▶ Assignment
Below are entries; copy exactly the lines from the one with "Fallopian Tubes •" through the one with "認定ハンド 両手 右手骨折2本有り", both included, and leave out the rest.

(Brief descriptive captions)
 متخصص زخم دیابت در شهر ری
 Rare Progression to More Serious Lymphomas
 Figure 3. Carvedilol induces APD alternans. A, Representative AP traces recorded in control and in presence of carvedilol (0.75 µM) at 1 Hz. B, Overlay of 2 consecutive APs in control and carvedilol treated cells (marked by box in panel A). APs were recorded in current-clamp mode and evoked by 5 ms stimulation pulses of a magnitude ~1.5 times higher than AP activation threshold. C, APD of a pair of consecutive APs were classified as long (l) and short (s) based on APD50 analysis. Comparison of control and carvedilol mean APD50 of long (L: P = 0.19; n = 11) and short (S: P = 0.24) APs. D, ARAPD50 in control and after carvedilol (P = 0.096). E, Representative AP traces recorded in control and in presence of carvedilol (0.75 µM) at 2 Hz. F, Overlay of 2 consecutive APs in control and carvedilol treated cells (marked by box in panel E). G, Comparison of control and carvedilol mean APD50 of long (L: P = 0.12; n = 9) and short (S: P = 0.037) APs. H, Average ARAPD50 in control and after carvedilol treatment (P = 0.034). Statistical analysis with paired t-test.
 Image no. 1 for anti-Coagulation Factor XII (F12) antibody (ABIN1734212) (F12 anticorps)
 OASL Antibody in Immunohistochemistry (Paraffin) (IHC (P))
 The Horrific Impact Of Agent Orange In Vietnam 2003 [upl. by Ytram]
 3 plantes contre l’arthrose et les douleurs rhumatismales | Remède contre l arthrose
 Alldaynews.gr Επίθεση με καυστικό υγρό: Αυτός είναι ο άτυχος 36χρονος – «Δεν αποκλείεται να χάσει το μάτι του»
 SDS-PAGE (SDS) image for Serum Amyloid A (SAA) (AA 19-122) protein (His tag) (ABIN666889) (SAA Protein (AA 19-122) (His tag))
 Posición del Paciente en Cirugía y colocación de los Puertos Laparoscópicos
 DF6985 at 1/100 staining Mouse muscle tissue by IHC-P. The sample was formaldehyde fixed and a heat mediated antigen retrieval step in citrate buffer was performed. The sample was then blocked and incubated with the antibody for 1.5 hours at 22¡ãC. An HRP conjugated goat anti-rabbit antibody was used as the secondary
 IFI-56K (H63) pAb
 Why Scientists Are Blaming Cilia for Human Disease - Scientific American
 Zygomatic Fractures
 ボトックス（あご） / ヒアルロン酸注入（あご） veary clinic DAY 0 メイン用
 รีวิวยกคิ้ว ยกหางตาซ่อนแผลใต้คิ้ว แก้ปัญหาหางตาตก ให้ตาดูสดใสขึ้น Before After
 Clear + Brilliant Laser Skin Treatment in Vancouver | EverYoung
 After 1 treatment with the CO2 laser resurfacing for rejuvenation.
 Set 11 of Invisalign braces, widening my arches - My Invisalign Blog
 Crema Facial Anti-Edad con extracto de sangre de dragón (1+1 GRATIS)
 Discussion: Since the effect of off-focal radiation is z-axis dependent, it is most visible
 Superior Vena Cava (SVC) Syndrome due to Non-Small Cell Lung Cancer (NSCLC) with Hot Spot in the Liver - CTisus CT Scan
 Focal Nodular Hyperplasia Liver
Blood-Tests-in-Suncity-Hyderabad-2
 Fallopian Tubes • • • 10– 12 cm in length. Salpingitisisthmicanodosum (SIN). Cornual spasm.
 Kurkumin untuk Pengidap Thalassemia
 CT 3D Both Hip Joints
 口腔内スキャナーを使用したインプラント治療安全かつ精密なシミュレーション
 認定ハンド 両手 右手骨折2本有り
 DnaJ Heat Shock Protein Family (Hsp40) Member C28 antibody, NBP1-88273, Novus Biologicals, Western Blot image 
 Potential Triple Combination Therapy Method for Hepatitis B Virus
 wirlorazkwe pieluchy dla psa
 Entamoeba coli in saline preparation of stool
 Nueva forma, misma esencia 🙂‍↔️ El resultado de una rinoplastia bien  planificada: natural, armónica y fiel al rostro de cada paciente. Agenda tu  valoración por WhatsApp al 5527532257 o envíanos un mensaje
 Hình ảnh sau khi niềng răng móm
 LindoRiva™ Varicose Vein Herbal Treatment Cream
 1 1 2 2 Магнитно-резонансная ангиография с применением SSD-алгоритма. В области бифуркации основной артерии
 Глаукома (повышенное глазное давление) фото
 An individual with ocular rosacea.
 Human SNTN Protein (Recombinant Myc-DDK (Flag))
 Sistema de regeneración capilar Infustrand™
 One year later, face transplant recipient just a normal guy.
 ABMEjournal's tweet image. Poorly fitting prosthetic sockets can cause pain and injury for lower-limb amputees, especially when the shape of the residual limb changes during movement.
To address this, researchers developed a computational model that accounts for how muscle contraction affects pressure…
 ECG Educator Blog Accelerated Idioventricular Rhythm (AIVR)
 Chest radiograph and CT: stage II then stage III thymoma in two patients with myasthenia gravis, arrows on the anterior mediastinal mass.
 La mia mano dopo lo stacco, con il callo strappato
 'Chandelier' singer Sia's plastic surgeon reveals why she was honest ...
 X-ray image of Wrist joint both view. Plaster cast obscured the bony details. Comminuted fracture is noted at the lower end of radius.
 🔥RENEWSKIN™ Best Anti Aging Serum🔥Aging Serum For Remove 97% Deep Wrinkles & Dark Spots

▶ Reply
 Fallopian Tubes • • • 10– 12 cm in length. Salpingitisisthmicanodosum (SIN). Cornual spasm.
 Kurkumin untuk Pengidap Thalassemia
 CT 3D Both Hip Joints
 口腔内スキャナーを使用したインプラント治療安全かつ精密なシミュレーション
 認定ハンド 両手 右手骨折2本有り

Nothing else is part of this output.